● TASK DATA:
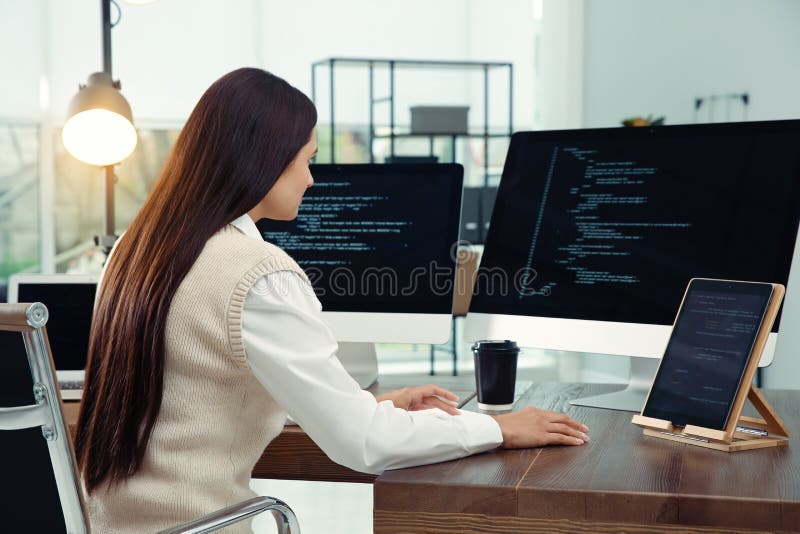 Programmer working at desk in office royalty free stock photography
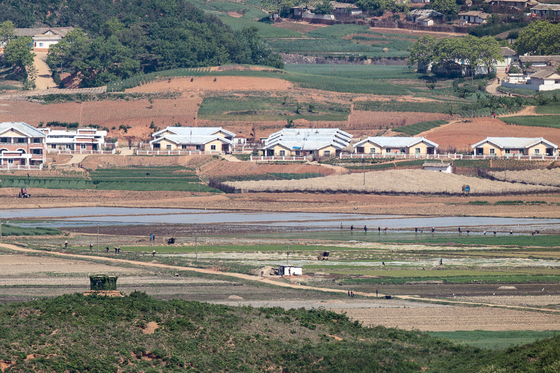 North Koreans farm in North Hwangahae on May 13, 2022. [YONHAP]
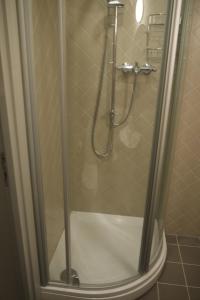 una ducha con puerta de cristal en un baño en Apartments Livia, en Jūrmala 68 fotos más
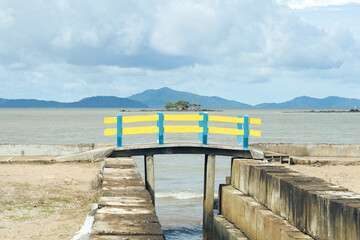yellow and blue bridge by the beach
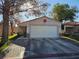Charming single-story home with a two-car garage and a well-maintained front yard in a quiet neighborhood at 1821 Windy Gap St, Las Vegas, NV 89106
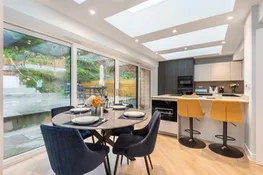 The well equipped kitchen with breakfast bar and smaller dining table, overlooking the rear terrace.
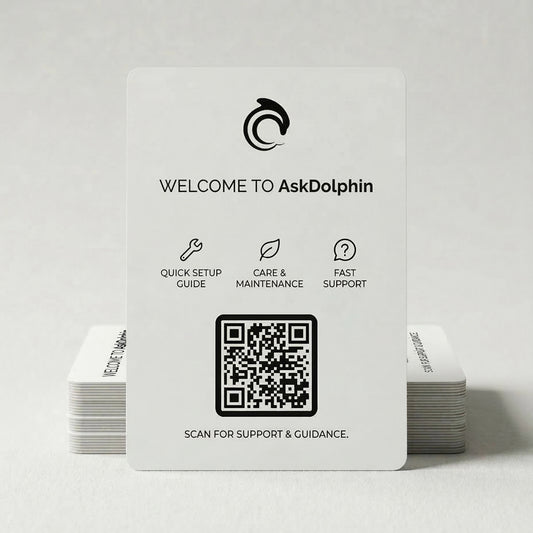 Stack of AskDolphin packaging insert cards designed for post-purchase onboarding and support guidance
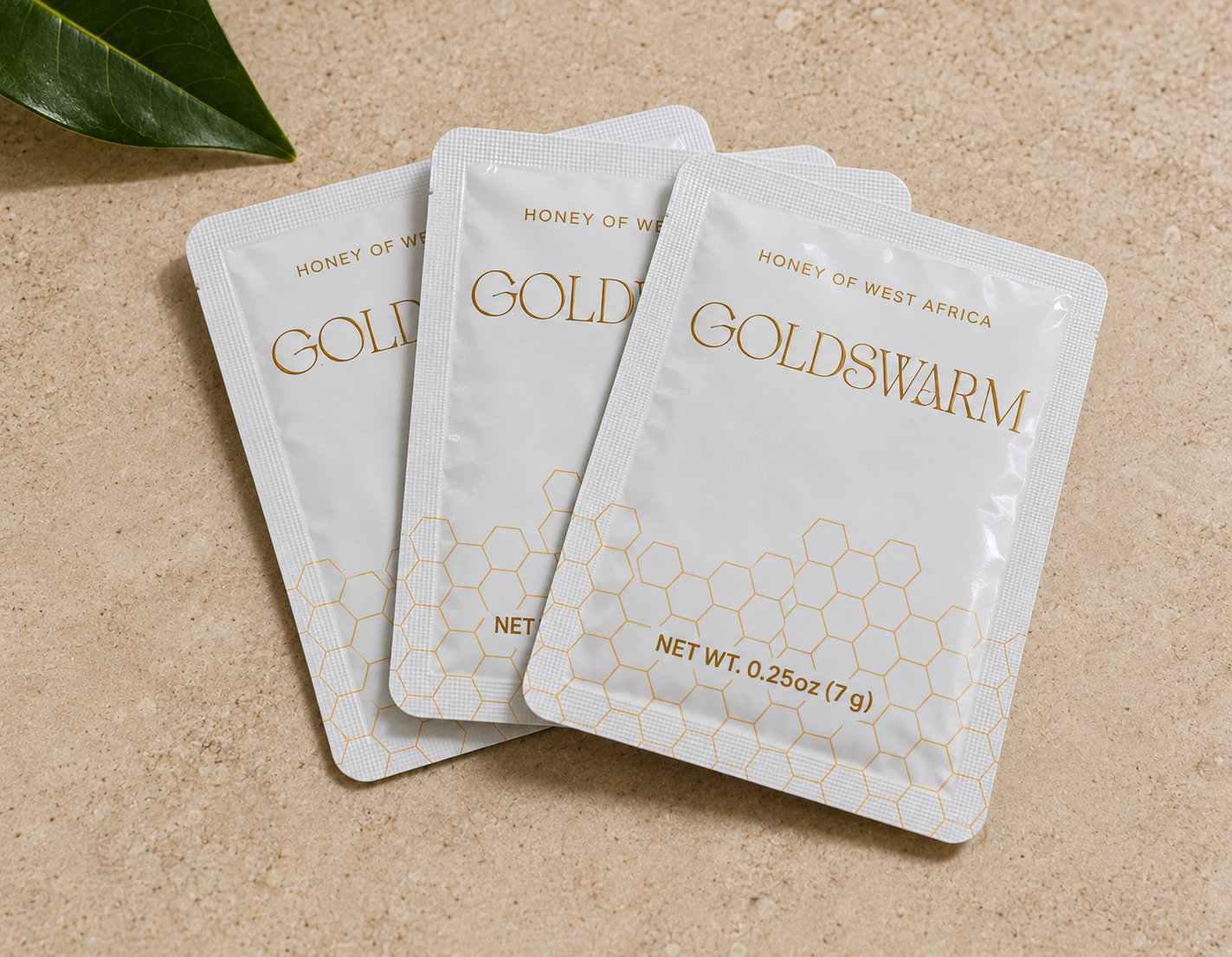 Three Goldswarm raw honey single-serve squeeze packets, 0.25 oz (7 g) each, on a stone surface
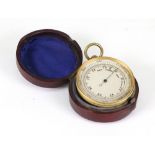 A gilt metal drum cased pocket barometer, with silvered dial, 4.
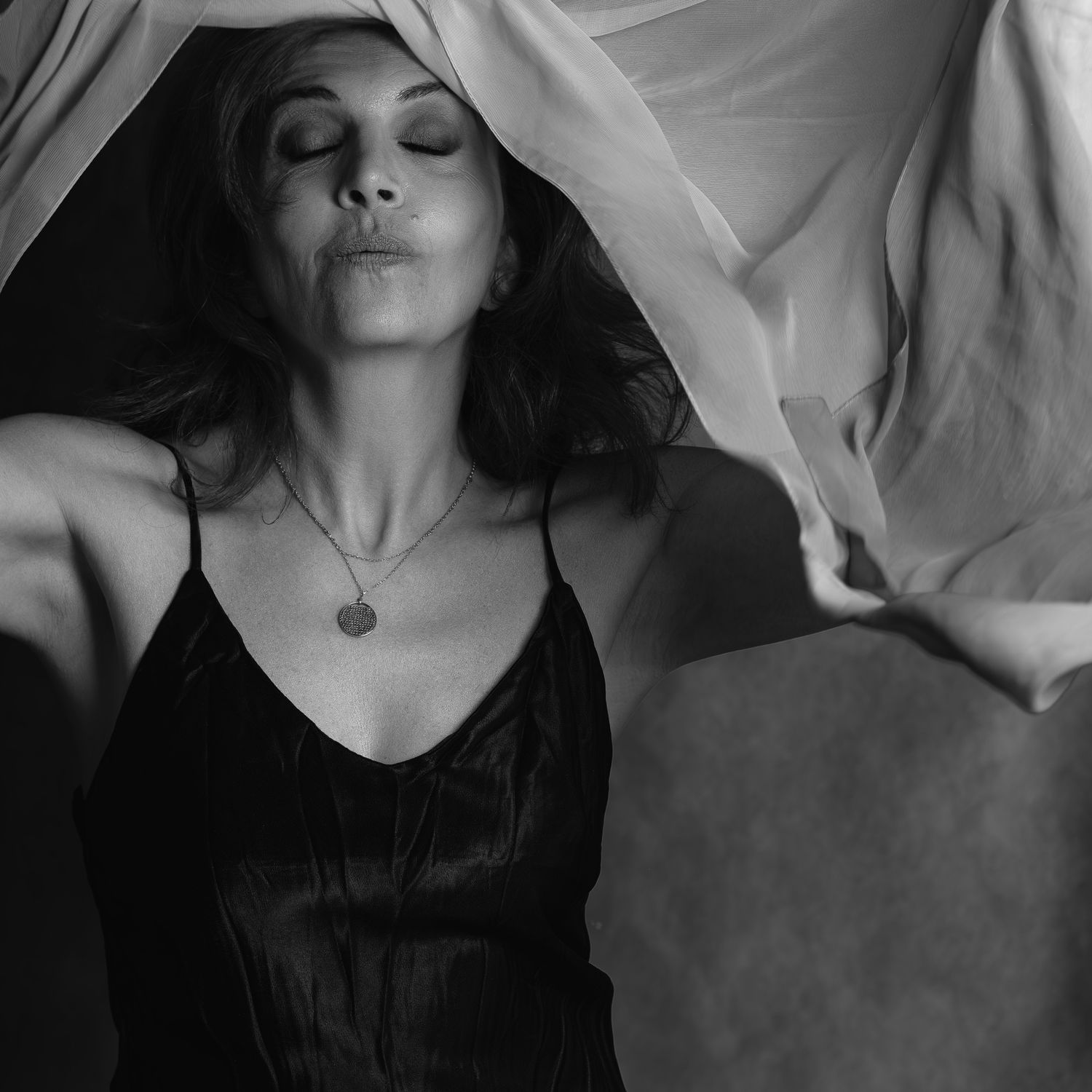 Black and white artistic portrait of a woman in silk camisole with flowing fabric overhead.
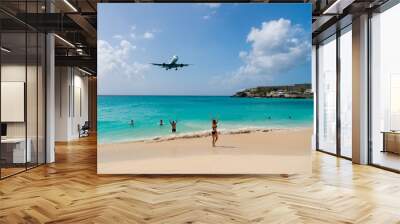 Plane land over people on beach of philipsburg, sint maarten. Jet flight low fly over blue sea. Airplane in cloudy blue sky. Beach vacation at Caribbean. Wanderlust, travel and trip Wall mural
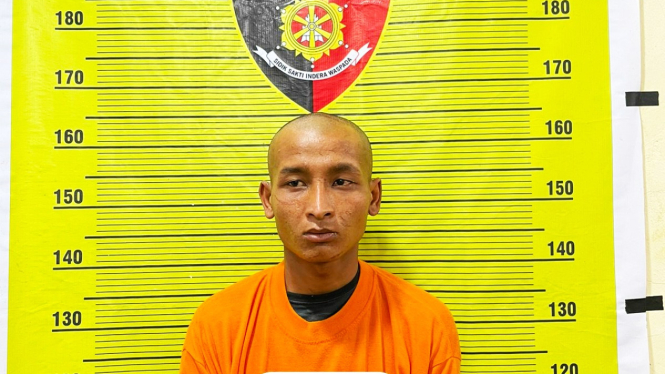 IAN alias Pian, pelaku perampokan turis Perancis saat diamankan petugas kepolisian.(dok Polda Sumut)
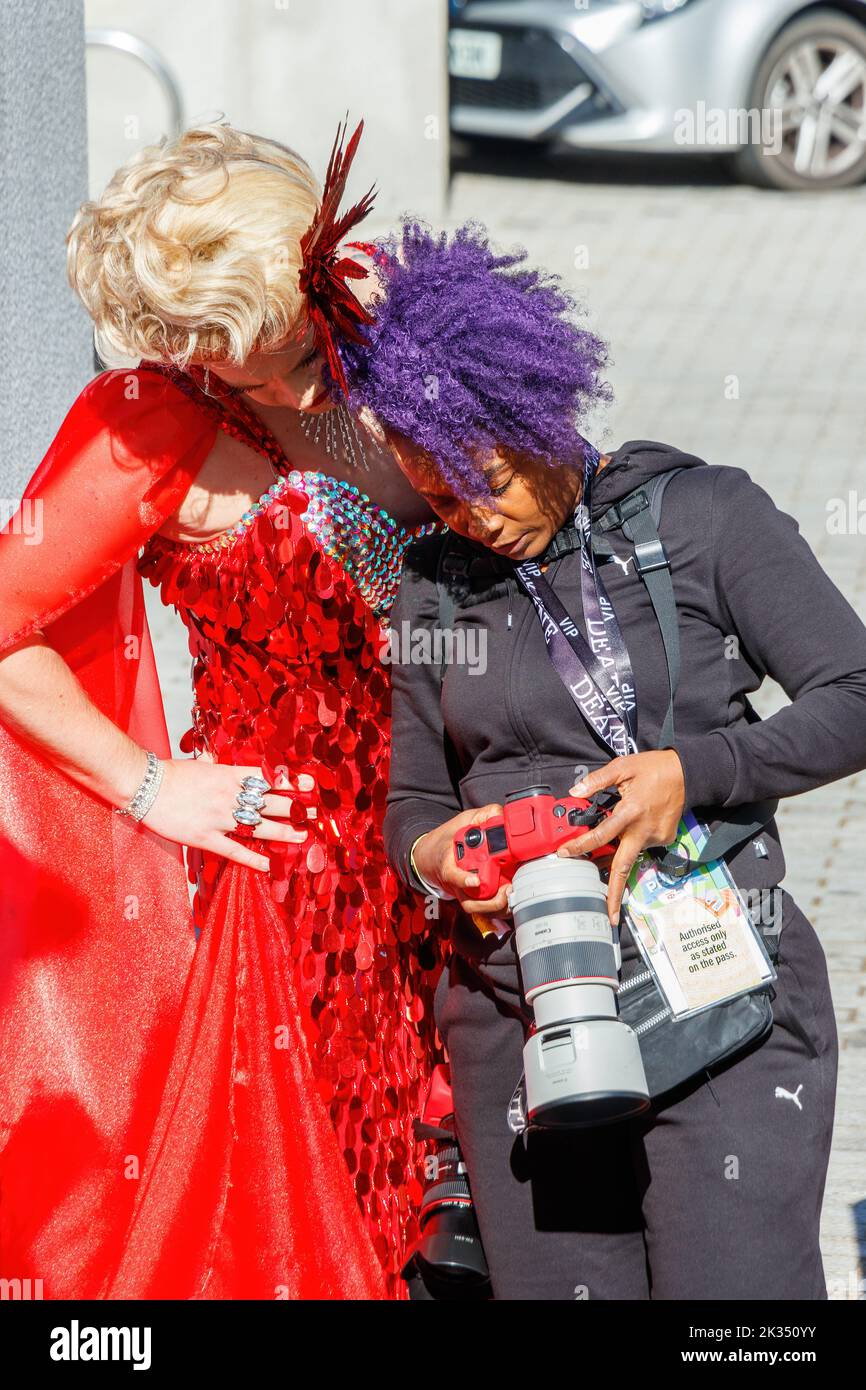 trans woman in drag looks at professional photographers camera at Gay Pride parade protest 2022 in birmingham city centre uk september 24th Stock Photo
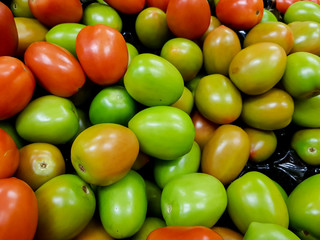 Unripe green tomatoes stacked in a heap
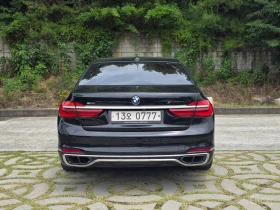 BMW 750 Li xDrive* BOWERS & WILKINS* МАСАЖ* 360* ХЕДЪП* TV, снимка 4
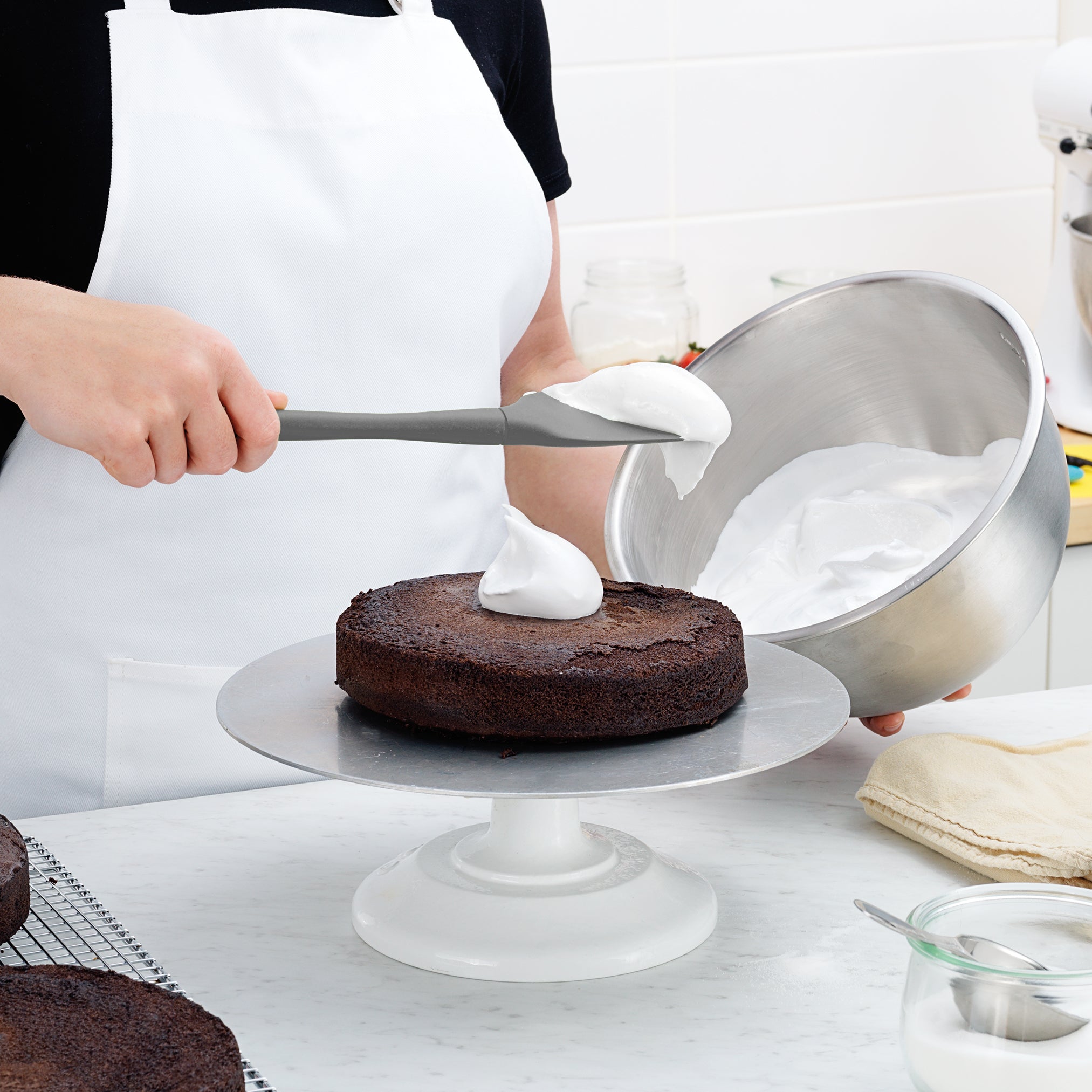 A person in a white apron uses the Flex-Core Spoonula to spread whipped white frosting onto a round chocolate cake, holding a metal mixing bowl with more frosting on hand.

● HOW TO COMPLETE THIS TASK: Only one stretch of the listing above is to be duplicated: the lines from the one containing "Three Goldswarm raw" through the one containing "Plane land over", both included. Copy them exactly, minus the pictures.

● RESPONSE:
 Three Goldswarm raw honey single-serve squeeze packets, 0.25 oz (7 g) each, on a stone surface
 A gilt metal drum cased pocket barometer, with silvered dial, 4.
 Black and white artistic portrait of a woman in silk camisole with flowing fabric overhead.
 Plane land over people on beach of philipsburg, sint maarten. Jet flight low fly over blue sea. Airplane in cloudy blue sky. Beach vacation at Caribbean. Wanderlust, travel and trip Wall mural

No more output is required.